Lisp in the Trenches

The current issue of AI Magazine has an article describing an intelligent control system used in NASA's Advanced Life Support System, part of which uses Lisp. “Intelligent Control of a Water-Recovery System: Three Years in the Trenches” is a Gamastura-style post-mortem of the project, which “operated autonomously, 24 hours a day, 7 days a week, for 16 months.”

The Integrated Water-Recovery System (IWRS) described in the article was the third in a series of control systems developed by the AI group at JSC for Advanced Life Support, all of which used the same 3T architecture (which is a particular instance of a three-tier architecture). IWRS is intended to recycle waste water on space stations or during long term spaceflight, such as a flight to Mars. (Here I have to brag that I once used a genuine NASA urinal to make a “donation” to the system.)

nasa wrs urinal

One of the layers in NASA's 3T architecture is a sequencer, for which they use the RAP system. The RAPS engine is written in Lisp, and is one of the things I worked on at Neodesic and I/NET (the last screenshot in this old post is of a RAPS-based system, as are both the systems pictured in this post). The article includes some screenshots of RAPS and control GUIs running in MCL.

The RAP system is basically a special purpose programming language and runtime for writing software for robots. An example from the paper is this simple startup RAP:

(define-rap (processing-start ?stage ?adjust-time)
  ;; ...
  (method purge
    (context (and (= ?stage purge)
                  (valve-position roskm pps_select ?old-pos ?error)
                  (= ?old-pos pps)
                  (nominal-pump-speed roskm feed ?wwsp)
                  (default-timeout ?dto)))
    (task-net
      (sequence
        (t1 (syringe-pump-p roskm start feed ?wwsp 30))
        (t2 (water-flowing-p roskm stop recirc 0 ?dto))
        (t3 (turn-valve-p roskm pps_select reject ?dto))
        (t4 (turn-valve-p roskm process purge ?dto))
        (t5 (turn-valve-p roskm pps_select tank ?dto))))))

The article mentions some of the advantages of using RAPS, and Lisp:

Of course the incremental nature of the Lisp compiler allowed us to change other code without stopping operations. A representative example of this kind of on-the-fly code changing involved the central WRS data display. Frequently, in the early months of the test, the test engineers would desire additional information to be shown on the main WRS monitor. Examples of additional data output not called for in the original design include the reverse-osmosis stage elapsed time and the allowed and average TOC. Because the entire interface was written in Lisp (we used Macintosh Common Lisp [Digitool 1996] running on a Power Mac G4), a control engineer could build, debug, and install such changes to the displays online without disturbing the main control code.

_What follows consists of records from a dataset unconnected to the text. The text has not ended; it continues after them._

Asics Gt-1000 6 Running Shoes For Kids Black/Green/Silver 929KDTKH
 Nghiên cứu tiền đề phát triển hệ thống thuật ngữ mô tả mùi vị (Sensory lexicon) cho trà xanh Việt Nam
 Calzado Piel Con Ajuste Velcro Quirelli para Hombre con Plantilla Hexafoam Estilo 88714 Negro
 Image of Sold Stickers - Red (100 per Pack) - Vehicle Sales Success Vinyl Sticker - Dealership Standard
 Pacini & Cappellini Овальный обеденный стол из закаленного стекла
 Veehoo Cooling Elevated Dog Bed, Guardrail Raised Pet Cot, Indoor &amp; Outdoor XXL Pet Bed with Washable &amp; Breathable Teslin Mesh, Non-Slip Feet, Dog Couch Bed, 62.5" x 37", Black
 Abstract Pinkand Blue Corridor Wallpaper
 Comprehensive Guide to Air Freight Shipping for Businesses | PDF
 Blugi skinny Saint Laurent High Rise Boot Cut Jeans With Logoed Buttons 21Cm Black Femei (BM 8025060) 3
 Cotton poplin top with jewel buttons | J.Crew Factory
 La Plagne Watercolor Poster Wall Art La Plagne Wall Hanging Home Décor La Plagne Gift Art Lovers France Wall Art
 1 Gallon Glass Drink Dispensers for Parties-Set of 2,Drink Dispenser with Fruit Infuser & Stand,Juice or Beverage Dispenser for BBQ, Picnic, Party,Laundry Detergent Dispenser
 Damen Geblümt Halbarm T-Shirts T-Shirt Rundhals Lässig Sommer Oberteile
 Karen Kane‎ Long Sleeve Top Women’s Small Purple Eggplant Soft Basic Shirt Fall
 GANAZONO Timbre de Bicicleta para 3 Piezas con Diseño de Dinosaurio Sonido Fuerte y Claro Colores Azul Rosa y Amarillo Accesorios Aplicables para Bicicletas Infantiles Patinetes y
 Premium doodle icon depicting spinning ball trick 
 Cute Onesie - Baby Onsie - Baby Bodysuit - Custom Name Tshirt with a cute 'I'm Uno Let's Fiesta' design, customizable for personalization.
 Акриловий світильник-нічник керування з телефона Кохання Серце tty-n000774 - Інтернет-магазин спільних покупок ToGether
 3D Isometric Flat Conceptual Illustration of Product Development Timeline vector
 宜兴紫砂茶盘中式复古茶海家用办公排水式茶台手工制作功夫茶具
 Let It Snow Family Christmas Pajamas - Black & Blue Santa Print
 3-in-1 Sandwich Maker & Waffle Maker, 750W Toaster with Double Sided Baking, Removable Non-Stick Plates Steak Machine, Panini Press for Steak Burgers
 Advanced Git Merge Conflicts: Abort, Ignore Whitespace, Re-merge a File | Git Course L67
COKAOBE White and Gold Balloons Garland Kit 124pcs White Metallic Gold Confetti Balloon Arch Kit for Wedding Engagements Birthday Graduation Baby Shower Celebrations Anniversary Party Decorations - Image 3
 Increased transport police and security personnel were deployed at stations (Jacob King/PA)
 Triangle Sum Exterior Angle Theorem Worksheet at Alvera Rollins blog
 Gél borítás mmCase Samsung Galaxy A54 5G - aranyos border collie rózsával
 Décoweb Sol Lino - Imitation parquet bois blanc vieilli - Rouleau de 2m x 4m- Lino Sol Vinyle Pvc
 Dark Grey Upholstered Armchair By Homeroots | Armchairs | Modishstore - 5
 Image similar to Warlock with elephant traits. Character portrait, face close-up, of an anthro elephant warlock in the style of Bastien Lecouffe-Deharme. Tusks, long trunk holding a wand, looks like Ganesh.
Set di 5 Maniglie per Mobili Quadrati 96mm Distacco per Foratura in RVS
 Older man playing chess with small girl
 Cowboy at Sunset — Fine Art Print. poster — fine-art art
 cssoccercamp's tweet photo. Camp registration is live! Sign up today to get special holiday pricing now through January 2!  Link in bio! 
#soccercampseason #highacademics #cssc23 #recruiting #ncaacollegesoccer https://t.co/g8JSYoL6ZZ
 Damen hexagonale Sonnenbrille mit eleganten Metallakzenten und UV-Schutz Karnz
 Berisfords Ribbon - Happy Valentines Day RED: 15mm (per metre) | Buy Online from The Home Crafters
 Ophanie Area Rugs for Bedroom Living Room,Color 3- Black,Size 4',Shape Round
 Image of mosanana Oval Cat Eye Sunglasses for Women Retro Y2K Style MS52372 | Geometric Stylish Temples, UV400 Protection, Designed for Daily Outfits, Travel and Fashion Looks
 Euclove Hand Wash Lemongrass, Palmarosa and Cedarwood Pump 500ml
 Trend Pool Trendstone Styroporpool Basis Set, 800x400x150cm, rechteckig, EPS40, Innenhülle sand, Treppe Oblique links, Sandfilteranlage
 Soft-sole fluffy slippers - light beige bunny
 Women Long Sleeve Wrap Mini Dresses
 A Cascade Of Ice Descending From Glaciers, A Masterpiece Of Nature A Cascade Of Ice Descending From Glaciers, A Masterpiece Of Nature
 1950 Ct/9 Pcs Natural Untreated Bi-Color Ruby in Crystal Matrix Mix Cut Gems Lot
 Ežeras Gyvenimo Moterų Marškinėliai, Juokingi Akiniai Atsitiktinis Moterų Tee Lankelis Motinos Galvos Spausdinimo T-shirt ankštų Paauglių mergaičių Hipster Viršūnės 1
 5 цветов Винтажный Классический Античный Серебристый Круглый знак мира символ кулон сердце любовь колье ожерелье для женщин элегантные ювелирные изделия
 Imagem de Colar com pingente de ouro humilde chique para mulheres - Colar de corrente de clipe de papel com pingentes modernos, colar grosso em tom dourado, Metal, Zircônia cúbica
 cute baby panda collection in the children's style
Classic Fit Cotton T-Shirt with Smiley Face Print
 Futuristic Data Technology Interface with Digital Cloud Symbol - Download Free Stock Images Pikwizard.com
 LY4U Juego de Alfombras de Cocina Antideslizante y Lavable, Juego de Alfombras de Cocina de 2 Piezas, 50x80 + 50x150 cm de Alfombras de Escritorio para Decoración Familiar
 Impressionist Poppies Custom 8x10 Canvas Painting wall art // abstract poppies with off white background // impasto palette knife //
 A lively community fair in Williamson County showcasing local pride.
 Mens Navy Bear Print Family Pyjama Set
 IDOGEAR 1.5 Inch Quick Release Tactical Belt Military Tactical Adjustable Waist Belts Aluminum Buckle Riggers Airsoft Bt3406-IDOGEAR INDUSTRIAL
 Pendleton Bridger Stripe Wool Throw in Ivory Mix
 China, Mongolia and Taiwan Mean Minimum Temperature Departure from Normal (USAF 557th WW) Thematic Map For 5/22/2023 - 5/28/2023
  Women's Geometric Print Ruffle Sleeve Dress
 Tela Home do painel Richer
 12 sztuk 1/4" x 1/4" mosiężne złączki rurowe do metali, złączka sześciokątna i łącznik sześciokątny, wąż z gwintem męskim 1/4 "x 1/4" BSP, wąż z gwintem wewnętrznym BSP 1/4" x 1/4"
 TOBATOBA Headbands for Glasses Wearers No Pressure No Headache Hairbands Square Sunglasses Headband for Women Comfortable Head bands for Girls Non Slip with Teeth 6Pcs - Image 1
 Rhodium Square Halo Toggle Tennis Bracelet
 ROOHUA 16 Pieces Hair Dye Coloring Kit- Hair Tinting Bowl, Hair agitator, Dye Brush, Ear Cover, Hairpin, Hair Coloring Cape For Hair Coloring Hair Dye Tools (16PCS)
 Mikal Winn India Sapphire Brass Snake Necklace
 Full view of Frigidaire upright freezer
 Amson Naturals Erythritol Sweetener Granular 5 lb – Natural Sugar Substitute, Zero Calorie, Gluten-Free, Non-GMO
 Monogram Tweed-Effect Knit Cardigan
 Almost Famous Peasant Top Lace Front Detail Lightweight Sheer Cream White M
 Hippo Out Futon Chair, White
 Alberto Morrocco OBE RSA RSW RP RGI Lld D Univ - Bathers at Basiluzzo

Overall the system worked well and overcame several interesting challenges (in particular I like the ones related to running a long-duration system). WRS seems to make a good success story for NASA, Lisp, Digitool and I/NET. And it's just one of several projects at JSC which use 3T, which has a crucially important lisp component.

Posted by jjwiseman at 03:26 PM | Comments (0) | TrackBack

March 27, 2003

He Has Not Quit the Scene

My pal Fred at metascene has posted some stuff!

Fred's actually the reason I started lemonodor. He said “You should do a weblog.” I don't think it turned out the way he imagined.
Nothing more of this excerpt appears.